In any case, compiler optimisations are usually easy to implement on specific styles of internal representations, and this is MIR for Rust, which was only introduced recently, after requiring a very large refactoring of the compiler's internal pipeline.


As I understand it, this is partially the plan. Historically it has just been waiting for a compiler refactor to MIR (which is now complete). I'm not sure why more optimization RFCs haven't been created and prioritized.


I think it's kinda interesting what tiny little tweaks will affect code speed- I recently discovered that in python, if you're only going to use an import for one or two functions, importing it locally shaves off a good bit of time depending on the function, in my case, .2 seconds!


I don't think the function itself matters; what's going on is that if you import it locally, the reference you're using is in the local namespace versus being in a module's namespace, which means it takes less time to get to the function object. I'm guessing the function is being called a fair number of times in a loop or some such similar manner?
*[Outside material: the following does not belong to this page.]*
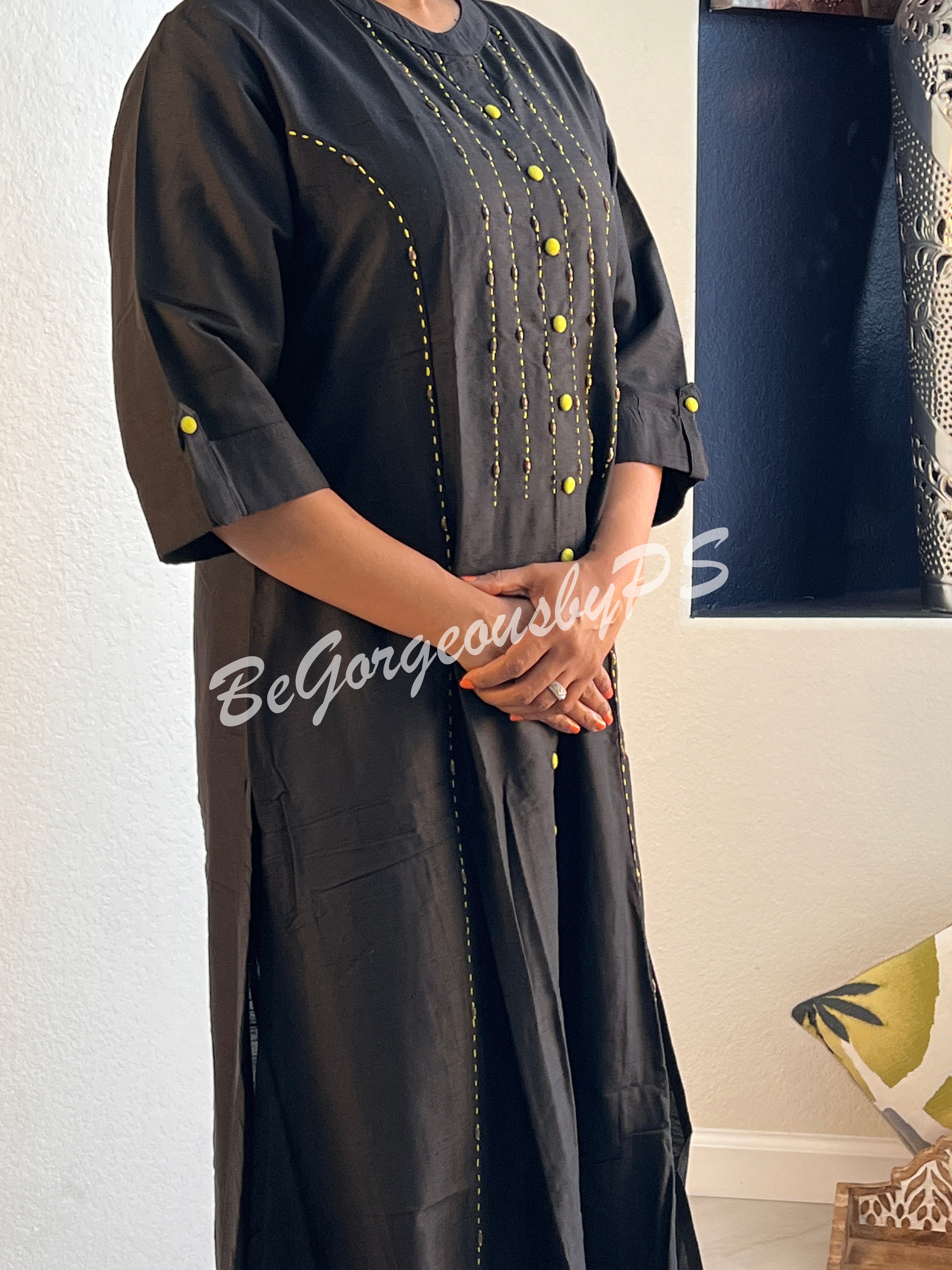 Kurti SL-004-BLK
You could use `from some_module import some_func` to get the same effect as some_func will be in the local namespace.


That's what the top-level commenter was doing.
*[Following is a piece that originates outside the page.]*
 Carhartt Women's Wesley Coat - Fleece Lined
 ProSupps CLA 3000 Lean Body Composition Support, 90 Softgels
Ok. It wasn't clear what "importing it locally" meant. I've worked with some people who would use that phrase to mean "copy paste it into the local file".
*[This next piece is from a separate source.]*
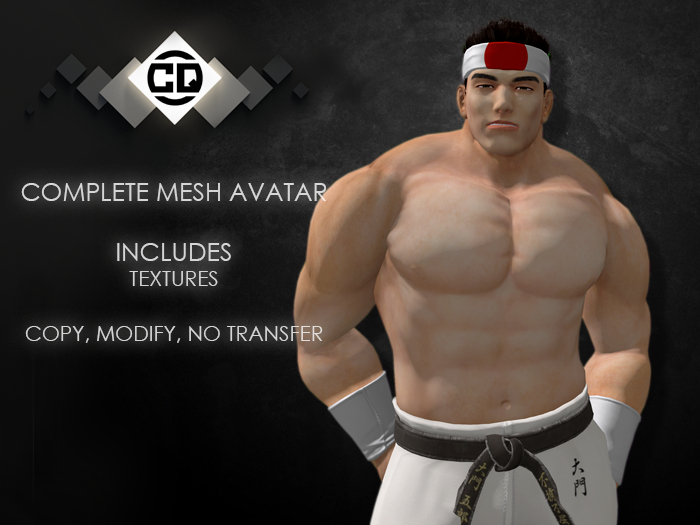 ◁.:CQ:. Daimon Bento Avatar▷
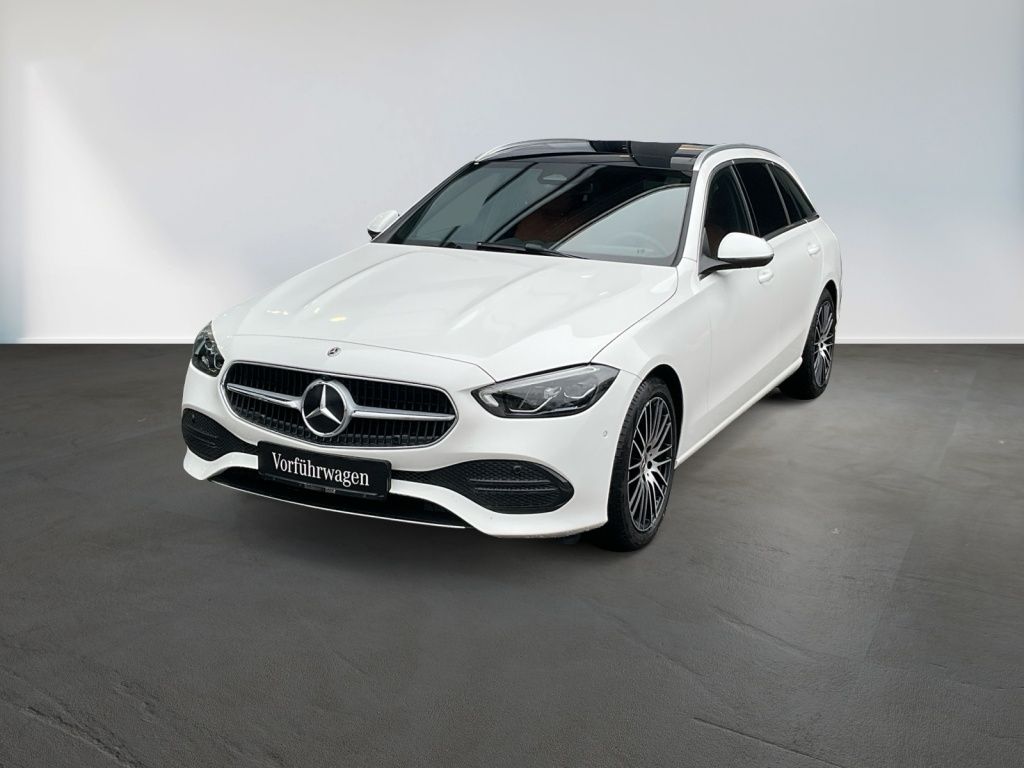 Mercedes-Benz C 200 2026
Fair point :P. I think I might have seen someone mean it like that as well in the past.


And a common stdlib trick is to bind these via function arguments e.g.

    def foo(a, b, thing=util.thing):
        ...


I agree, seems likely. gp can use dis.dis() to confirm this...


Python is notable for how it harasses the filesystem. If your python program is running off NFS or parallel filesystems (e.g. gpfs, panasas, lustre, etc) then you may get a lot more performance from avoiding imports. Especially if pkg_resource is being used.


    like all generic interfaces in Rust, printing takes arguments by reference, 
    regardless of whether they are Copy or not. The println! macro hides this from 
    you by implicitly borrowing the arguments,
What's the reason for this? Seems a bit inconsistent that for functions you must explicitly pass with &, but for print it's automatic.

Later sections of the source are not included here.